01 March 2010

Are We Ready? Taking the First Steps


I had Emergency Preparedness Week planned last Friday morning, long before we saw Saturday, a day of natural disaster and repercussions that had the entire Pacific Rim on alert. Chile is in our thoughts and prayers and we are grateful that Tsunami warnings and alerts were purely precautionary in the end.

I have been thinking a great deal about emergency preparedness. But first I say BE GENEROUS in your giving to those suffering from these disasters. Be wise about who you give your money to. My recommendations are to give to your church. The major US churches have a very well organized system set up and they work with each other to act very quickly to meet the needs of people across the globe, regardless of religious affiliation. Whomever you give the money to, do your research first and make sure that the money is going where it should be and will be useful.

Now, what will we do when it is our turn to face disaster? Are we ready? Have we thought through all the precautions we should take? Are we prepared to take care of ourselves when it hits? Will you support the survival of yourself and others or will you be a drain on the system? If you are one who anticipates that the government or your church has enough to take care of you, think again and remember recent history.

Do not depend on others to do the work of taking care of you. NO ONE IS RESPONSIBLE FOR YOU BUT YOU. Do not anticipate that help will come quickly, be well organized or able to provide for all your basic necessities. If you organized and prepared it will allow you, barring physical injury, to get on your feet very quickly and then be able to start helping other people. It's very inspiring to plan to be of help, rather than in need.

It's anticipated that it generally takes at least 3 days for aid organizations to be able to organize and disperse during a disaster. So if you want to start getting prepared, the best thing you can do is buy or better yet make a 72-hour kit. This kit includes basic needs including food, water and anything you will need to sustain yourself and your family for the first 3 days after an emergency. Thanks to the graciousness of family I have three such kits. 


One is sealed in a 1-gallon kit, it has only the most basic necessities. I have a book bag-size backpack that includes food, water, paper and pen, flashlight, space blanket, basic first aid guide, and toiletries. Lastly I have a duffle bag 72-hour kit --thanks Mom! --that includes all the basic food, first aid and camping necessities, as well as room for clothing and some other survival gear. Each one has it's best case scenario use. They are all in the closet closest to my front door and on road trips one comes with me in the car. 

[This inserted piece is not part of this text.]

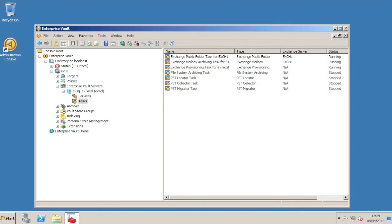Here we see a freshly upgraded Enterprise Vault 10 environment. It was previously running Enterprise Vault 9.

There are many great web sites and blog posts on 72-hour kits. Here are a few good resources:

Be prepared. It could mean the difference between calm survival and heartbreaking disaster. Pick up a few items each week at the grocery or hardware store. Personalize kits for each member of your family. Each person will have their own unique needs: feminine products, diapers, formula, medications, etc. Think about all the items you might need in a first aid kit.

Add some special things to your kits that will be a joy and good entertainment --A favorite book, candy, cards and games, coloring books and crayons, a journal and several pens, a book of word search or crossword puzzles. You may be sitting in a shelter for several days or quarantined and you'll appreciate activities to make the time pass more peacefully. Do what you need to do now, so that you can thrive in a disaster with a sense of calm, knowing that you are ready.

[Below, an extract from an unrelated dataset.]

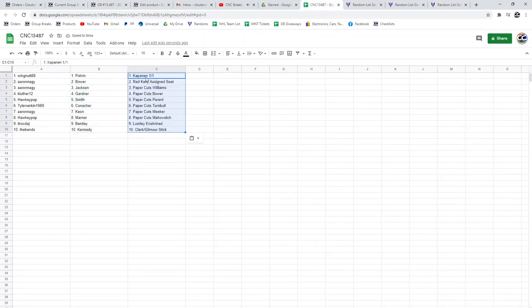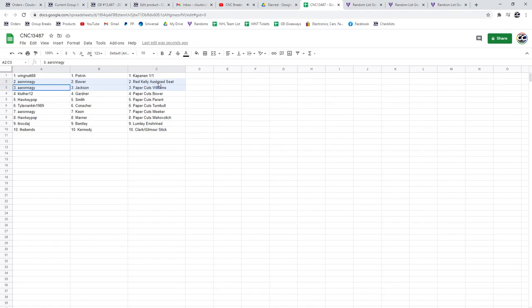Wingnut gets the Potman base and the Kapanen 101. Congratulations. Aaron gets the Bauer and Jackson base and the Red Kelly autographed with the Williams paper cuts. Kay Luther gets the Gardner base with the paper cuts of Bauer.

You don't want to be out trying to scavenge for personal care products or food right before or right after a crisis. This is always a time of panic, hysteria and often violence and looting. If you are prepared, you will be able to find a safe shelter and avoid the danger of being out on the streets unnecessarily. You can also barter with others with items you may have plenty of for things you may need. Be prepared to share. 

Preparedness bring a peaceful heart and a calm, logical mind. You will be grateful for your advance preparation, whatever the danger.